わたしにはトラ子という愛人(猫)がいる。出会ったのは散歩の途中の丘の上。待ってました!と言わんばかりに飛び出してきて「ミャー」と鳴いた。そして、あれ?という様子でウロウロすると、お母さんを間違えた子どものように、わたしの後を歩く老夫婦のもとへ駆け寄った。7、8年前の出来事だろうか。はっきりとは覚えていないけれど。
トラ子の寝床の場所が変わり、いつしかわたしは老夫婦の代わりにお世話係のひとりになったらしい。詳しい人数はわからないけれど、近所のおじさんがそんなようなことを言っていた。いわゆる、地域ネコってやつです。

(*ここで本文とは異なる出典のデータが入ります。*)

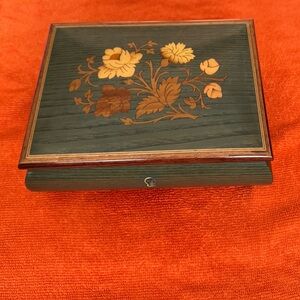 Vintage Reuge Floral Inlay music box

愛人は本妻にないものを持っている。それがたまらない。トラ子には愛嬌があり、おねだりが上手である。わたしの足音を耳にすると遠くからかすれ声で鳴いて走ってくる。その姿を見るたびに、目尻はおもいきり下がり、満面の笑みになる。花子のことなど一瞬も思い出さない。薄情なものである。
あるとき、赤い口紅のおばさまに話しかけられトラ子の素性を知る。子猫を産んで、その何匹かは死んだりもらわれていったこと。その後、おばさまが避妊手術してやったこと。何度か家につれていったが、外が好きで出ていってしまうこと。もう14、5歳になること。そうか、トラ子もおばあさんになったんだね。
この頃、痩せて歩くのがしんどそう。心配よ。トラ子のいない毎日なんて考えられないよ、長生きしてちょうだい。
そんなわたしの心を知ってか知らずか、お腹いっぱいになると、ぷいっと行ってしまう。あんなに熱烈歓迎してくれたというのに。愛人はつめたい。それでも通ってしまう。わたしはなんて哀れな人間なのだろう。外ではトラ子、家では花子の下僕としてお仕えしております。